▶ **TRY IT**:
Where the records below reach the line containing "this 1361×850 image.", start transcribing, and end with the line containing "this 1332×850 image.", exactly and with nothing else added.

▶ **INPUT DATA**:
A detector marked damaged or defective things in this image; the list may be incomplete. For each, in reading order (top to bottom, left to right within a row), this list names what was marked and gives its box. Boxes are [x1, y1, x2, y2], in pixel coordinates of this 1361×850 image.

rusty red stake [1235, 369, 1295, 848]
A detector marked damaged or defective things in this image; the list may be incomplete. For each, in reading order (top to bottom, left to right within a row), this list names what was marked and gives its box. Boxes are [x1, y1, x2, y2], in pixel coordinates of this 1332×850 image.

--

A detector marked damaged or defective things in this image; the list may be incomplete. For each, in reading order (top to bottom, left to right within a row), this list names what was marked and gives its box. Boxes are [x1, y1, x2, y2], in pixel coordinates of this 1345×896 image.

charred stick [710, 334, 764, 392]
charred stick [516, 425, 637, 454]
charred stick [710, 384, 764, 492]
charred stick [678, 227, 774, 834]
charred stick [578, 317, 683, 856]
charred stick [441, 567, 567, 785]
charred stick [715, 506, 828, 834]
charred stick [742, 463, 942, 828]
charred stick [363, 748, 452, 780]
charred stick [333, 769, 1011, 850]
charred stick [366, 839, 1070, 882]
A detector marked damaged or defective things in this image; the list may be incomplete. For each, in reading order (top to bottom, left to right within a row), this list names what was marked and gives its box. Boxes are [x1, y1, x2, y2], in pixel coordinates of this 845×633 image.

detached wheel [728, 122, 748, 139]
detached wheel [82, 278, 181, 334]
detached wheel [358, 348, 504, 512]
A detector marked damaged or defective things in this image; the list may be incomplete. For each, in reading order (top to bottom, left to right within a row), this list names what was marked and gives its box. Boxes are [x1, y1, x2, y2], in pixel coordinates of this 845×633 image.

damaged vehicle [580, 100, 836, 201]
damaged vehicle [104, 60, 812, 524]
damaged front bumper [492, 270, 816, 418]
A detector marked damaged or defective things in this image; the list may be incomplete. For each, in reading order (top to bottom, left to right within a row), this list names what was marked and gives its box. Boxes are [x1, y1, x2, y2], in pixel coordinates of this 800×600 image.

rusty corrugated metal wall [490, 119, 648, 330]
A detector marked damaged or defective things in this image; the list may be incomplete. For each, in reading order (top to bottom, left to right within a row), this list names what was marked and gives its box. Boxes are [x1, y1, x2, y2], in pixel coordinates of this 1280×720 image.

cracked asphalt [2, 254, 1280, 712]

* * *

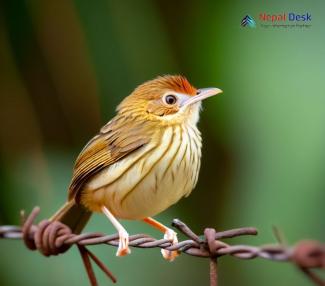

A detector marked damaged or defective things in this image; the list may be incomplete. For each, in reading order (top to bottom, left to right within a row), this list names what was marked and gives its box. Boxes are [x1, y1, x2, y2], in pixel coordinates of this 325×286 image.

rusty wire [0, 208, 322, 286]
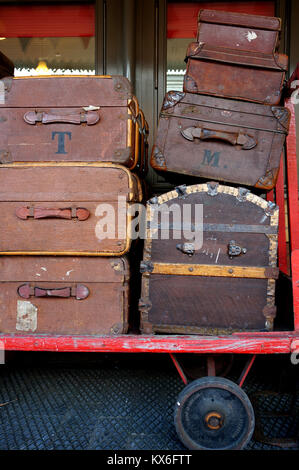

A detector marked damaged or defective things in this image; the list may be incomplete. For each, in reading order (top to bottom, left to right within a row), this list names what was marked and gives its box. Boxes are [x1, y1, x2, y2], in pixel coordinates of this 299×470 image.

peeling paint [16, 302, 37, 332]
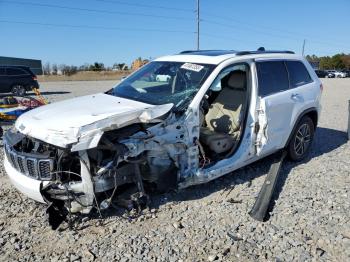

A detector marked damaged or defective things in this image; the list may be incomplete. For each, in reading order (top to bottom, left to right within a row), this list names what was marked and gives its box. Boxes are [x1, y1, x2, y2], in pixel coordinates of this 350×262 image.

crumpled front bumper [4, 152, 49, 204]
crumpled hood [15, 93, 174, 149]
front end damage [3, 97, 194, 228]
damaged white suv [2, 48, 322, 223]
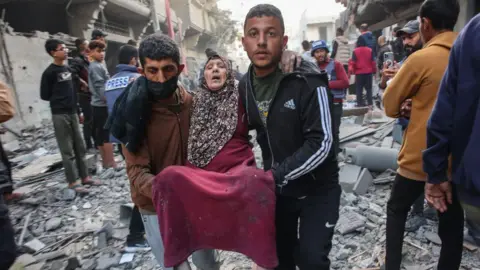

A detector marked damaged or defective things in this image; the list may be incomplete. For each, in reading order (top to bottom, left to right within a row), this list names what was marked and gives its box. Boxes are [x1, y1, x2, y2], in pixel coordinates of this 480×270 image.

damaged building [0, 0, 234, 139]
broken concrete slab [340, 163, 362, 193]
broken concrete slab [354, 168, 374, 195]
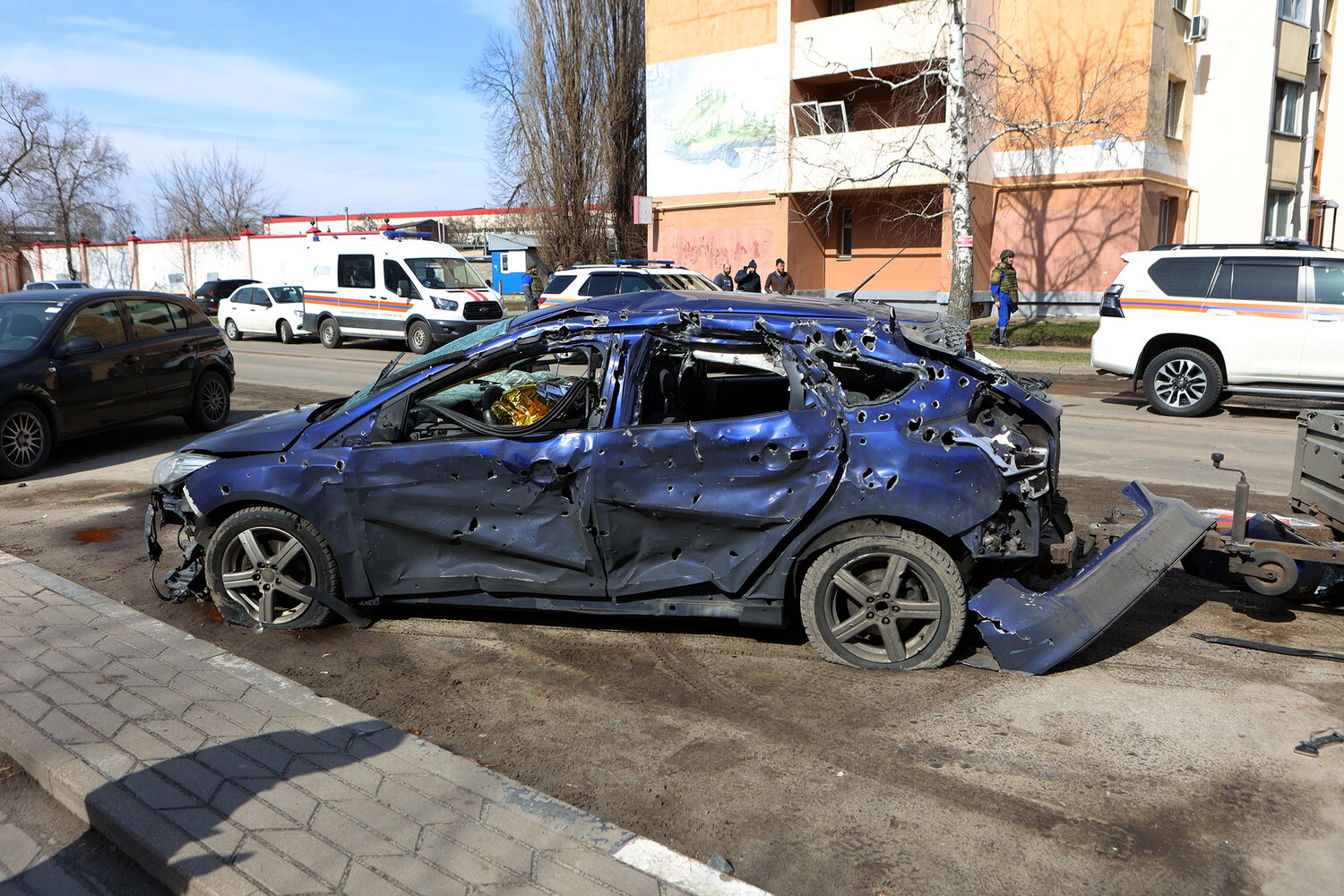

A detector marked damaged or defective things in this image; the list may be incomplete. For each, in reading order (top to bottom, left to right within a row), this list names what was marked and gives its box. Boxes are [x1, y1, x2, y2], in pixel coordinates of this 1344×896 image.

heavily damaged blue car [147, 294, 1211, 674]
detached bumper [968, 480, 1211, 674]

▶ **SOLUTION TO THE PROBLEM**:
A detector marked damaged or defective things in this image; the list may be incomplete. For each, in reading order (top to bottom, left to right within a row), this list names what was marked and gives its box. Boxes are [x1, y1, x2, y2], in pixel coordinates of this 1361×850 image.

rusty red stake [1235, 369, 1295, 848]
A detector marked damaged or defective things in this image; the list may be incomplete. For each, in reading order (top to bottom, left to right within a row), this list names what was marked and gives its box. Boxes are [x1, y1, x2, y2], in pixel coordinates of this 1332×850 image.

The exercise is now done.